Scientists Train AI Using Headcam Footage From Human Toddler

Researchers have not only built an AI child, but are now training AI using headcam footage from a human baby as well.

In a press release, New York University announced that its data science researchers had strapped a camera to the head of a real, live, human toddler for 18 months to see how much an AI model could learn from it.

Most large language models (LLMs), like OpenAI’s GPT-4 and its competitors, are trained on “astronomical amounts of language input” that are many times larger than what infants receive when learning to speak a language during the first years of their lives.

Despite that data gap, the systems the NYU scientists trained on the baby cam data were in fact able to learn a “substantial number of words and concepts” — and all from only about one percent of the child’s total waking hours between the ages of six months and two years.

Translation: using only a fraction of the data usually required to train an AI model, these researchers were able to teach their system to learn like a baby. That sort of thing is enough to make most Silicon Valley types, who are understandably concerned about the enormous amounts of energy, water, and data needed to train AI models, salivate.

As the MIT Technology Review reports, the baby in question is named Sam, and he lives in Australia with his parents and two cats. The project resulted in roughly 61 hours of footage shot while Sam wore the lightweight camera headset on and off for a year and a half — and ultimately in a study published last week in the journal Science.

“This data set was totally unique,” computational cognitive scientist Brandon Lake told MIT Tech. “It’s the best window we’ve ever had into what a single child has access to.”

After feeding the babycam footage into its AI, the researchers found that it was able to perform a feat of human cognition: matching up words with the objects they represent — a chaotic undertaking, as MIT Tech reports, because the footage was often cluttered with many objects even if a speaker can be heard referencing one in particular.

Curiously enough, researchers at Indiana University conducted remarkably similar experiments with a baby wearing a headcam and released their preliminary results last fall — though in that case, they were more interested in the child’s visual learning and how AI could help understand it, rather than its language processing.

Even more curiously still, it appears that NYU funded its research into baby-AI learning using a grant from the Pentagon’s Defense Advanced Research Projects Agency (DARPA), which has invested billions of dollars into AI.

In fact, NYU’s Tandon School of Engineering, which was not a part of the babycam research, received a $5 million contract to help DARPA develop an “AI-driven augmented reality assistant” back in 2021.

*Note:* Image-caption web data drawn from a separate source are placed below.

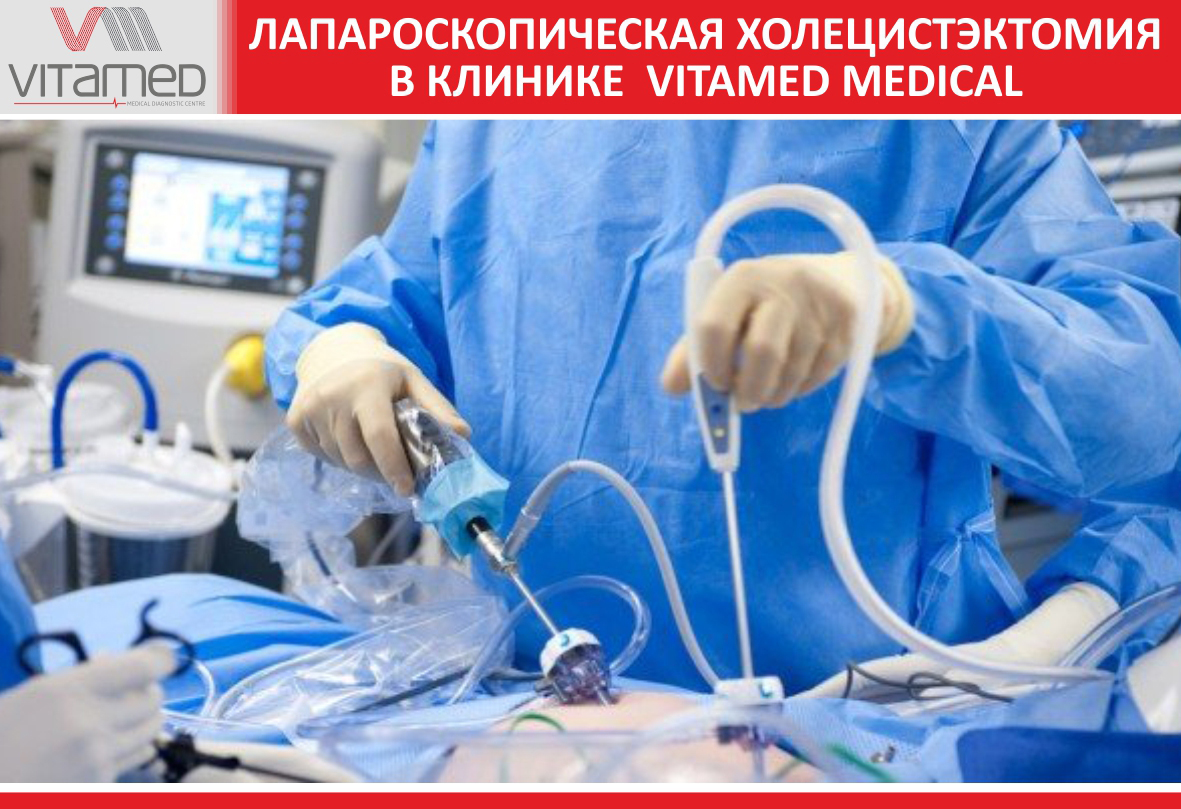 Лапароскопическая холецистэктомия в клинике  VITAMED MEDICAL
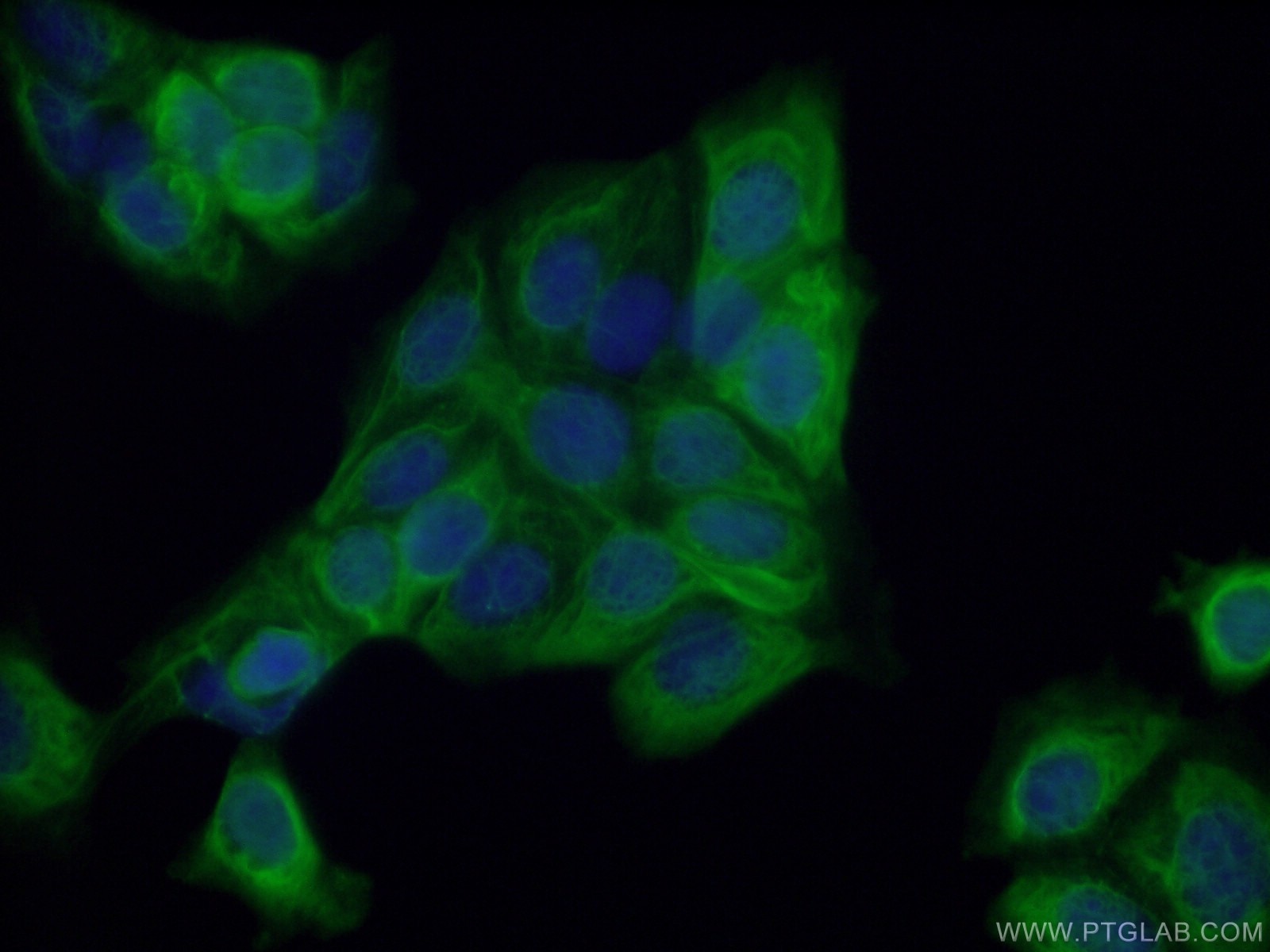 Immunofluorescence (IF) / fluorescent staining of MCF-7 cells using HOMER1 Polyclonal antibody (12433-1-AP)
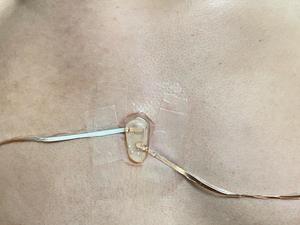 sensor attached directly to a subject's chest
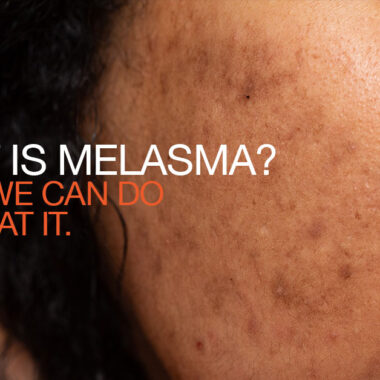 Hot Weather Essentials So You don’t Turn Into a Greaseball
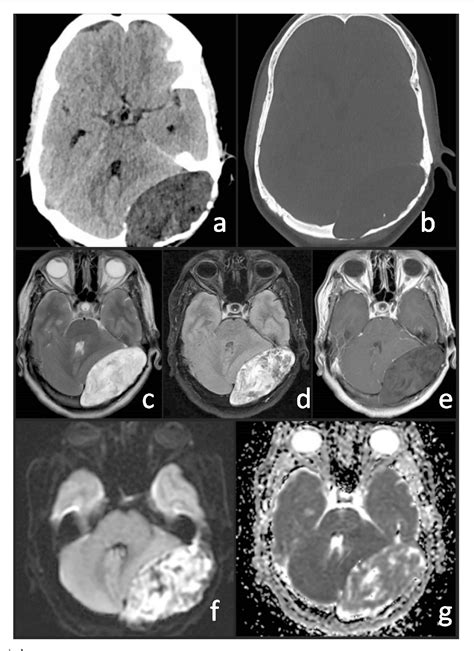 Figure I From Intradiploic Epidermoid Cyst Of The Skull Semantic Scholar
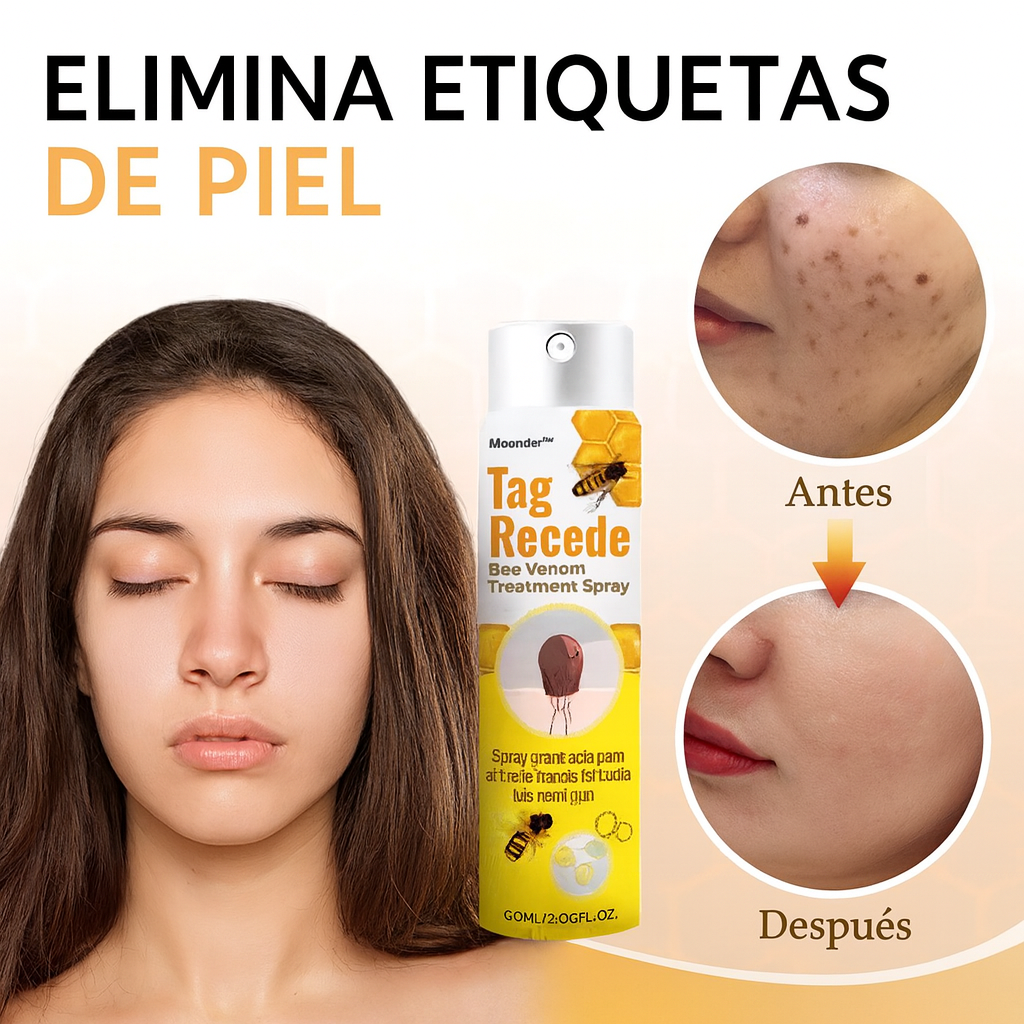 ÚLTIMAS 24 UNIDADES Tag Recede – Eliminador Natural de Verrugas, Lunares y Manchas de la Piel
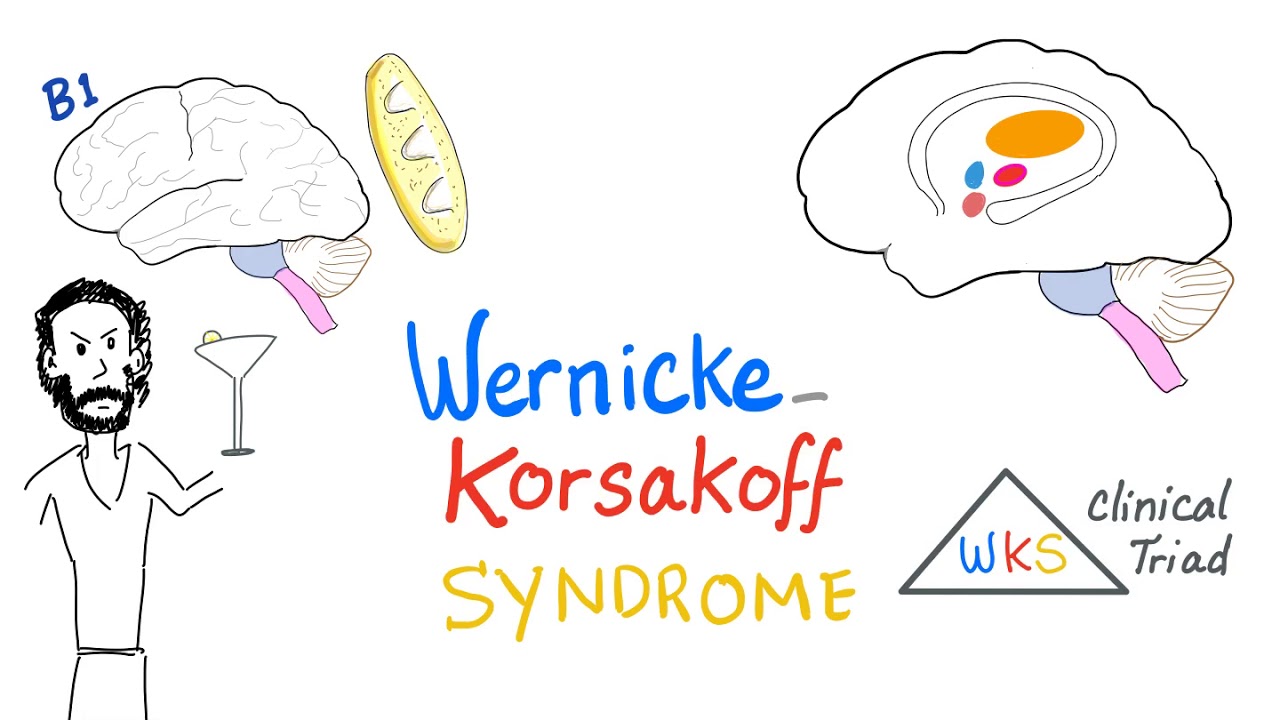 Pathophysiology Of Wernicke Syndrome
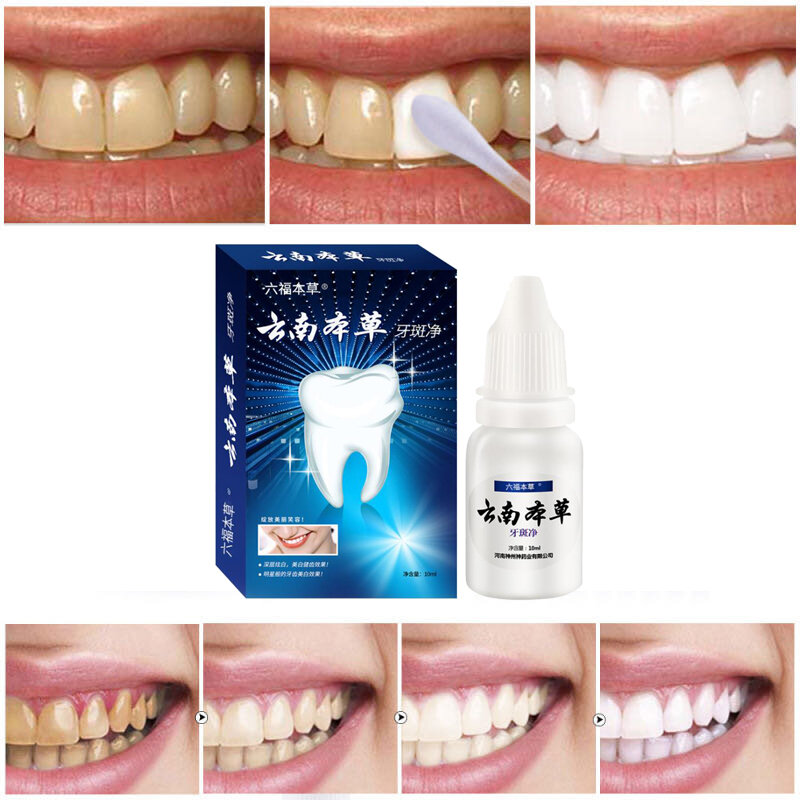 歯のホワイトニング歯粉末50グラム、削除煙汚れ、コーヒー、茶シミ、さっぱり口臭、口腔衛生、歯科ケア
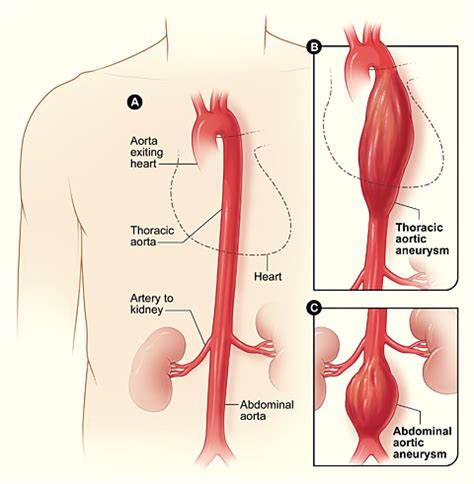 Aortic Aneurysm | NHLBI, NIH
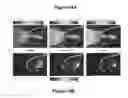 Fig. 19 - PLANNING SYSTEM FOR TARGETING TISSUE STRUCTURES WITH ULTRASOUND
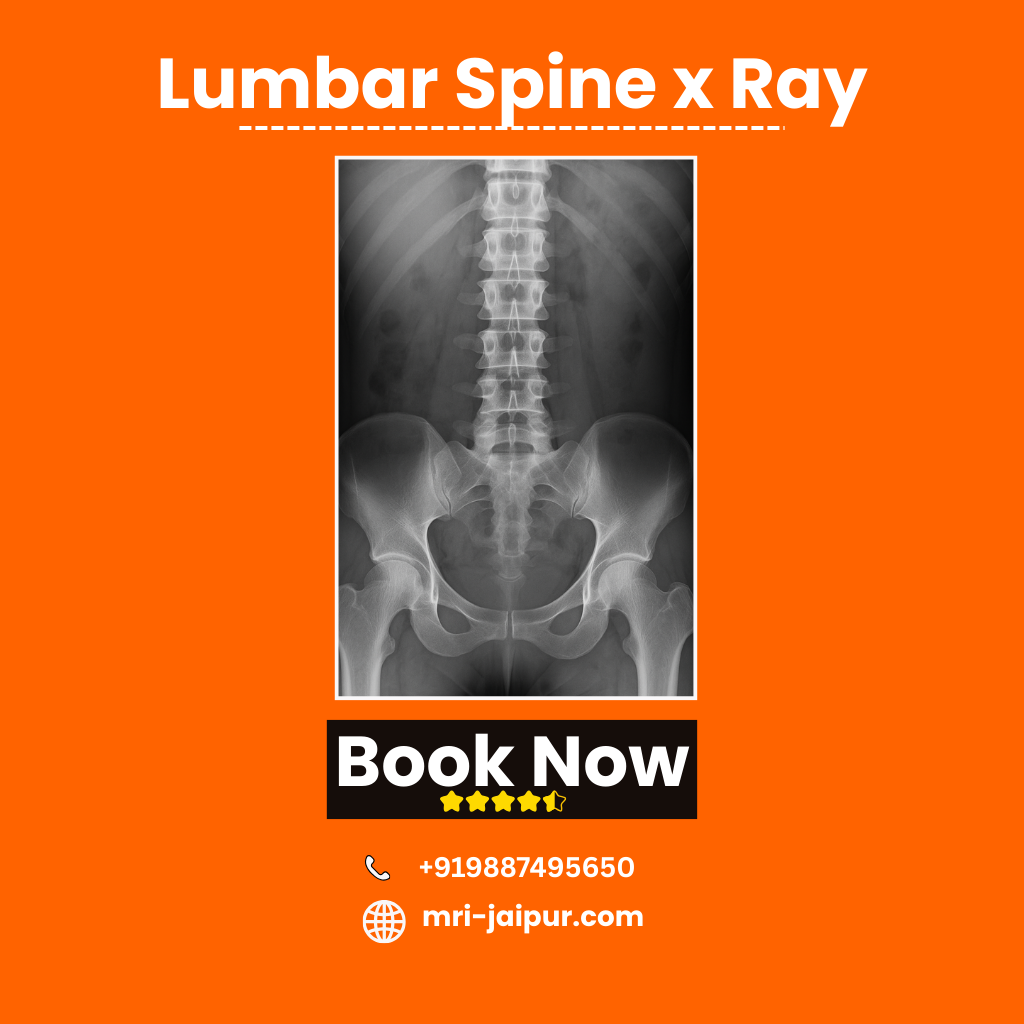 Lumbar Spine x Ray In Jaipur – Cost, Report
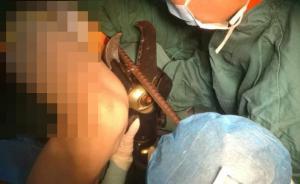 深圳一工人摔倒被鋼筋貫穿身體，醫(yī)院請6名消防官兵協(xié)助手術(shù)
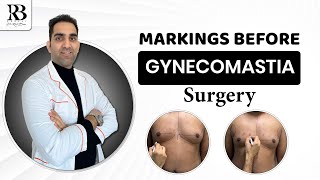 Markings before Gynecomastia surgery  Dr Ritesh Bazaz gynecomastiatreatment [upl. by Enicul]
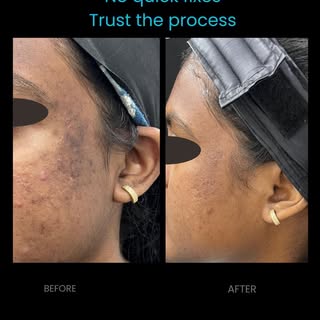 Real transformation isn’t a miracle—it’s a clinical journey. 🧬 
9 sessions and 12 months of dedicat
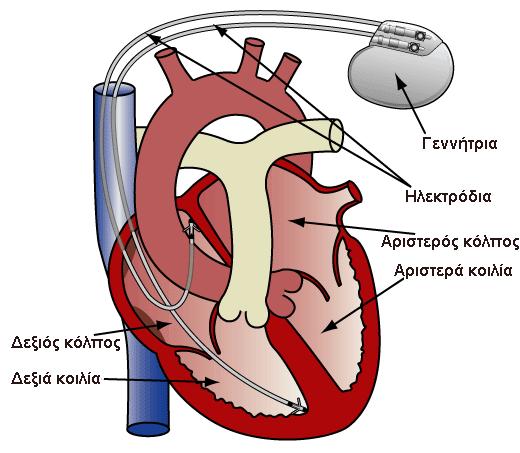 Αδαμαντία Ροδάκη διαταράσσουν τη συχνότητα με την οποία πάλλεται η καρδιά. Πρόκειται για μια μικρή συσκευή που λειτουργεί με μπαταρία.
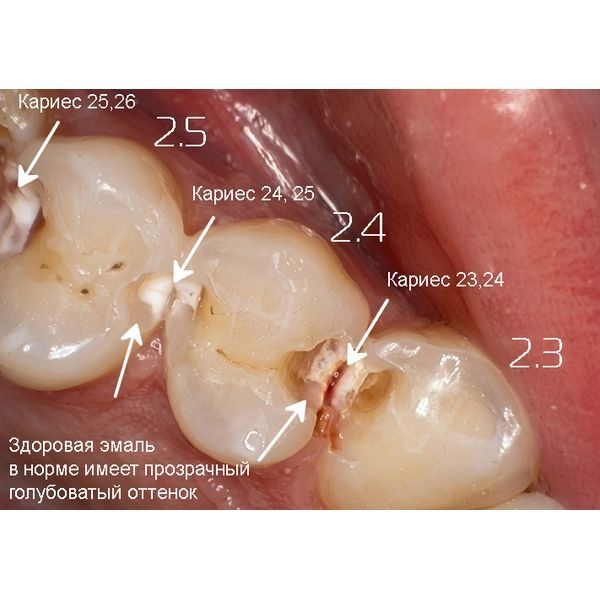 Кариес на зубах 2.3–2.6 Кариес на зубах 2.3–2.6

It’s unclear how much DARPA (or the National Science Foundation, which also helped fund the AI babycam) gave NYU for this specific experiment.

All told, this is a pretty fascinating study — though one researcher did point out an important caveat: even if AI successfully analyzed the footage of Sam working to understand the world, the video itself was a product of his tiny human brain.

“I don’t think the study would have worked if babies hadn’t created the data set that the neural net was learning from,” Skidmore developmental psychologist Jess Sullivan, who helped arrange the data collection, told MIT Tech.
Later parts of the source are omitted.